- DATA LISTING:
>>

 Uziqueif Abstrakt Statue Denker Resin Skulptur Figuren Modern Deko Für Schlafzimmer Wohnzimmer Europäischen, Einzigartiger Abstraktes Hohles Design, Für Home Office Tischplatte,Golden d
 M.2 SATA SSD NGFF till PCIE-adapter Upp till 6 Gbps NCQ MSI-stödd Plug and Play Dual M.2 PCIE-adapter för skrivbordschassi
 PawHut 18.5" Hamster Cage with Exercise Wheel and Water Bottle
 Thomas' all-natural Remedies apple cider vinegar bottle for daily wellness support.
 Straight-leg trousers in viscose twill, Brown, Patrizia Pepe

<<
>>

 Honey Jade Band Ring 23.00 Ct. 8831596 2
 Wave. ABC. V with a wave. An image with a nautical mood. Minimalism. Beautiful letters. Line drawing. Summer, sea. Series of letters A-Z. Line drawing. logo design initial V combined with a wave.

<<
>>

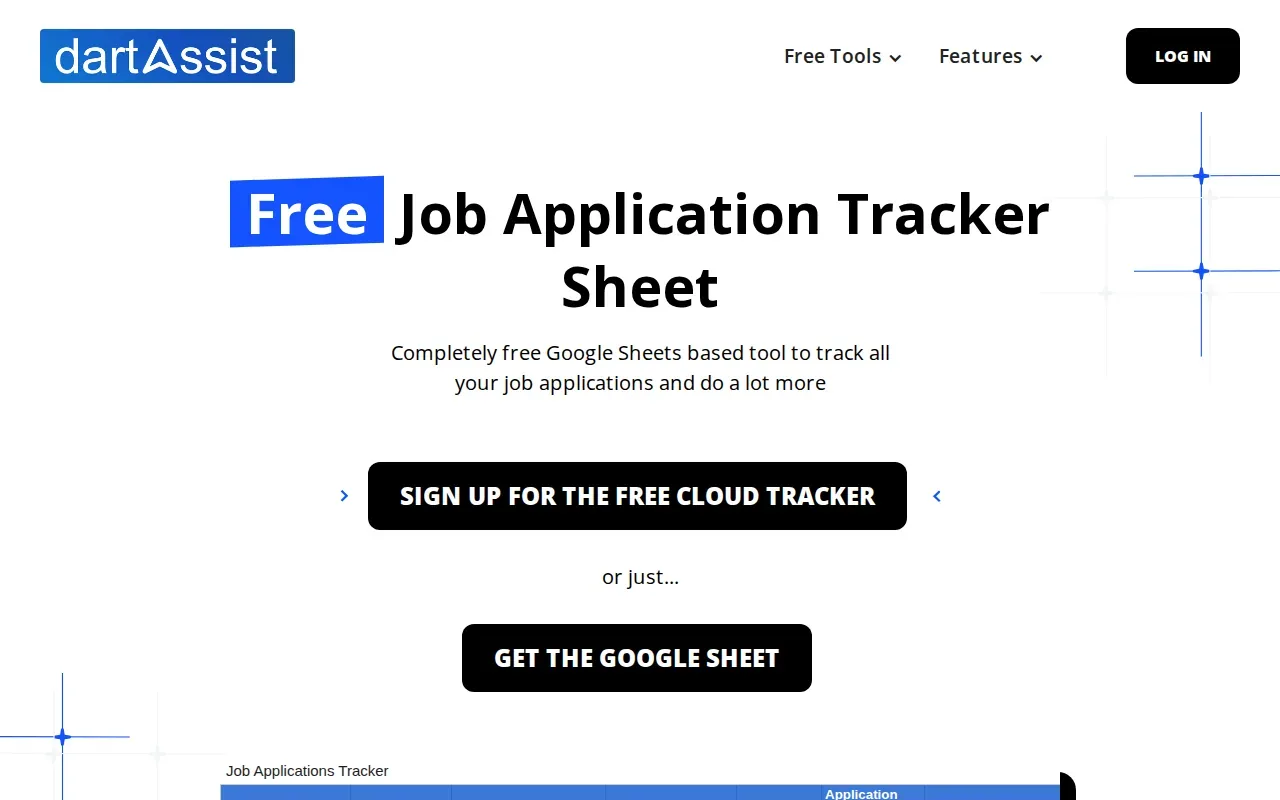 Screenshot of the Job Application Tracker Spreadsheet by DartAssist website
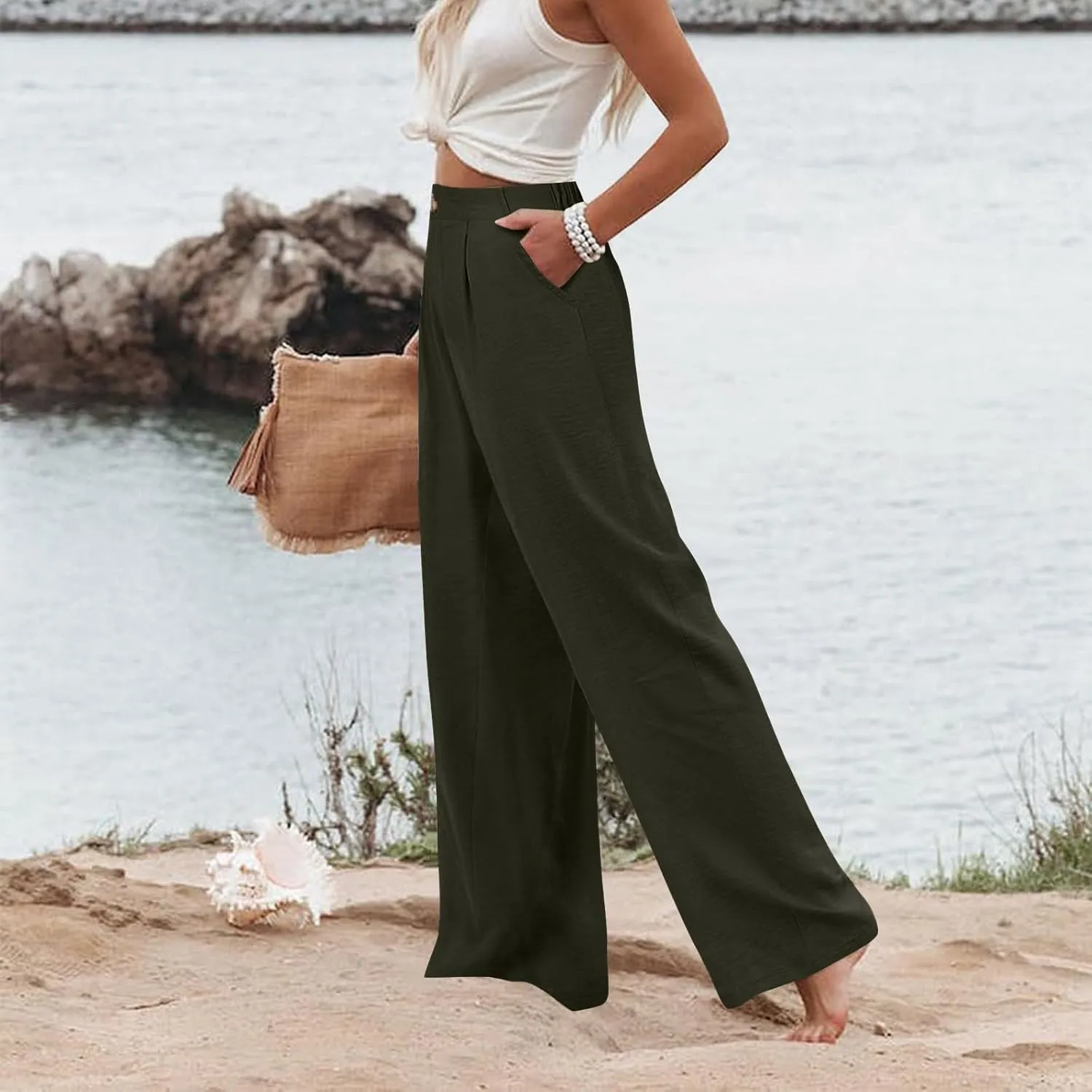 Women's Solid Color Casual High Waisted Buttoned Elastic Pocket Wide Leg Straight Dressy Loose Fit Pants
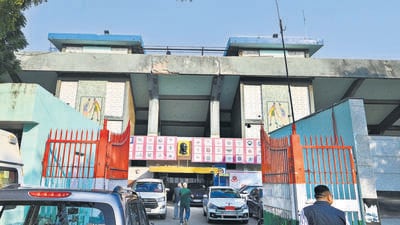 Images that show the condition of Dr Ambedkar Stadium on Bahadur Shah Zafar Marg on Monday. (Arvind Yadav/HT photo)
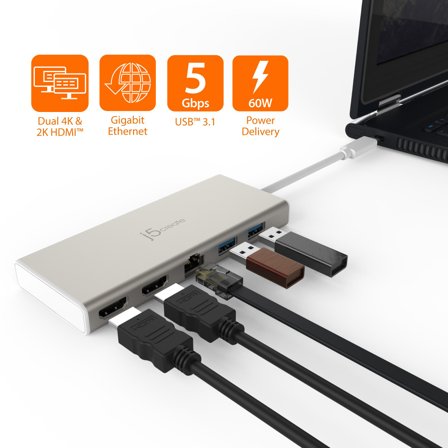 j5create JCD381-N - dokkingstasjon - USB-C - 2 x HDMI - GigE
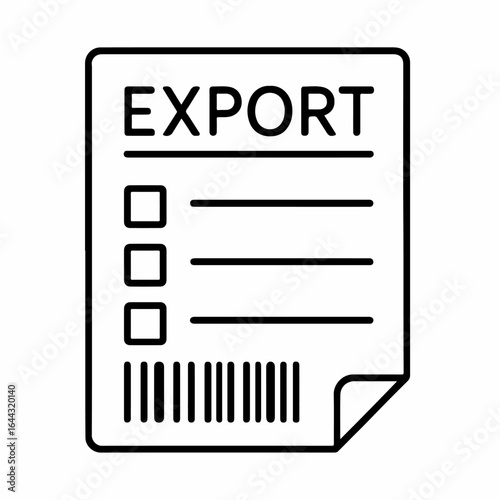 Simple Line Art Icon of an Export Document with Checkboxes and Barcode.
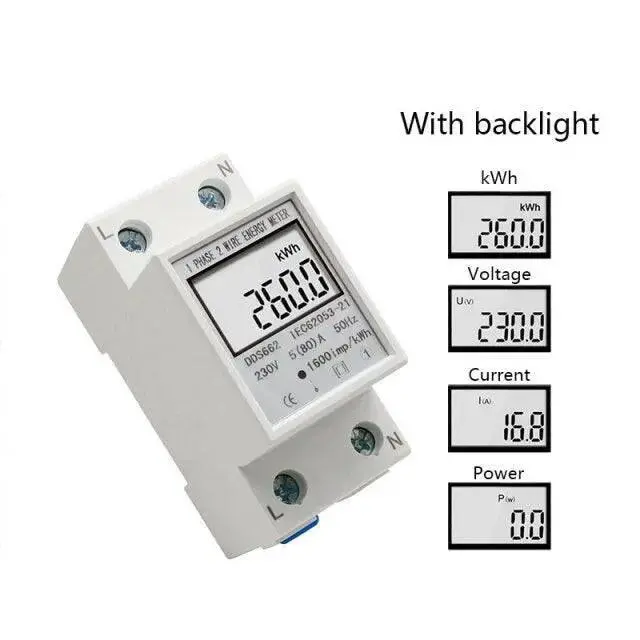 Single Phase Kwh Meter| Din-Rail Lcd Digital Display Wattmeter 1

<<

Of the entries above, transcribe exactly those lines that fall between the line containing "Honey Jade Band Ring 23.00 Ct. 8831596 2" and the line containing "Wave. ABC. V", together with those two lines.

 Honey Jade Band Ring 23.00 Ct. 8831596 2
 Wave. ABC. V with a wave. An image with a nautical mood. Minimalism. Beautiful letters. Line drawing. Summer, sea. Series of letters A-Z. Line drawing. logo design initial V combined with a wave.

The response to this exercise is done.